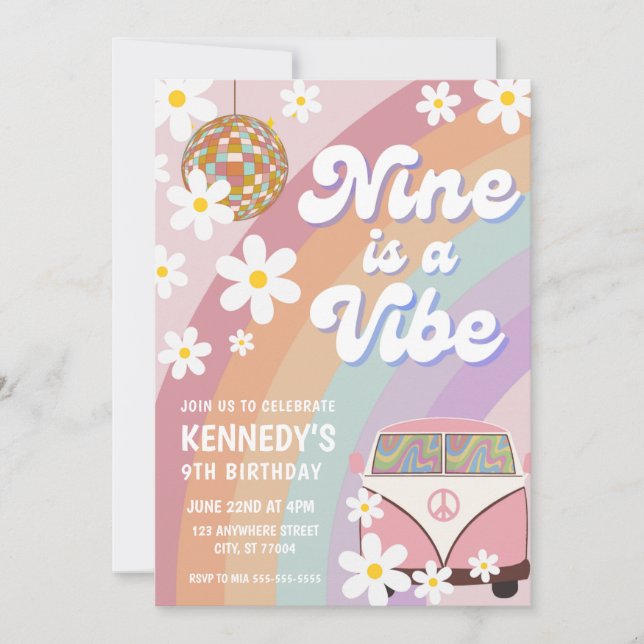 Nine is a vibe 9th birthday invitation groovy girl (Front)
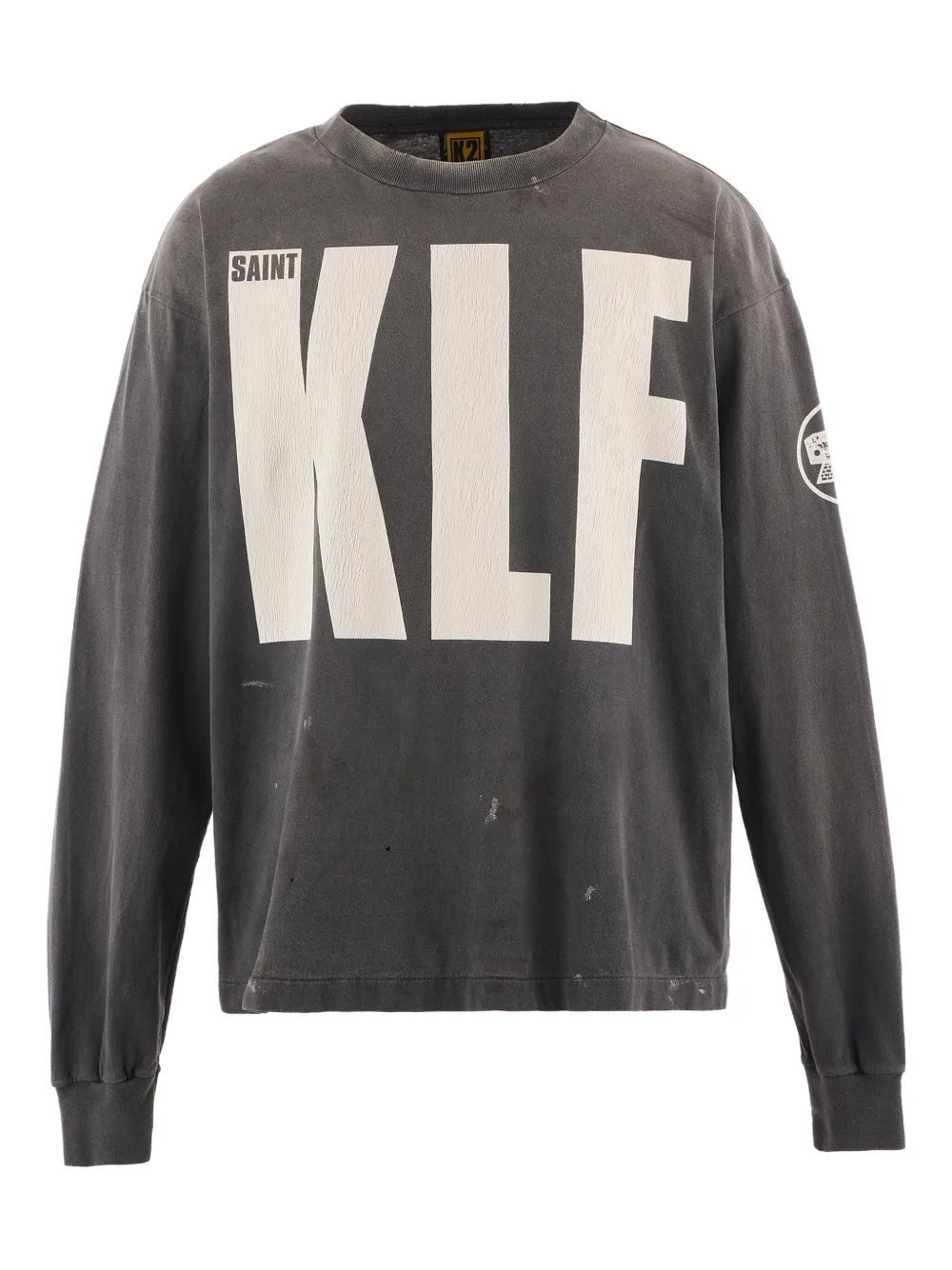 SAINT MXXXXXX KLF graphic long-sleeve T-shirt | Grey | Image 1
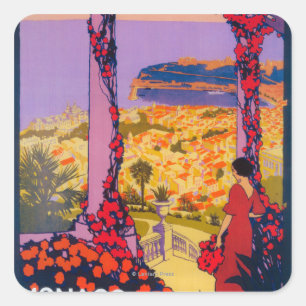 Pegatina Cuadrada Poster promocional del viaje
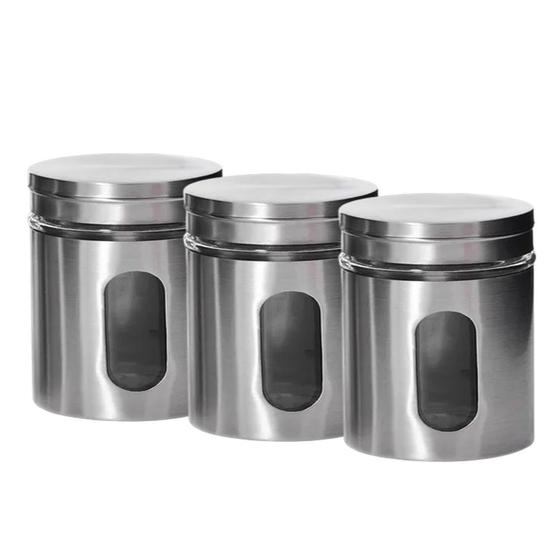 Imagem de Kit 3 Pote Porta Mantimento em Inox com Visor de Vidro Em Casa Tem 600ml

» Task item
What you hand back should match the listing exactly, except that no pictures appear.

» Exercise output
 Nine is a vibe 9th birthday invitation groovy girl (Front)
 SAINT MXXXXXX KLF graphic long-sleeve T-shirt | Grey | Image 1
 Pegatina Cuadrada Poster promocional del viaje
 Imagem de Kit 3 Pote Porta Mantimento em Inox com Visor de Vidro Em Casa Tem 600ml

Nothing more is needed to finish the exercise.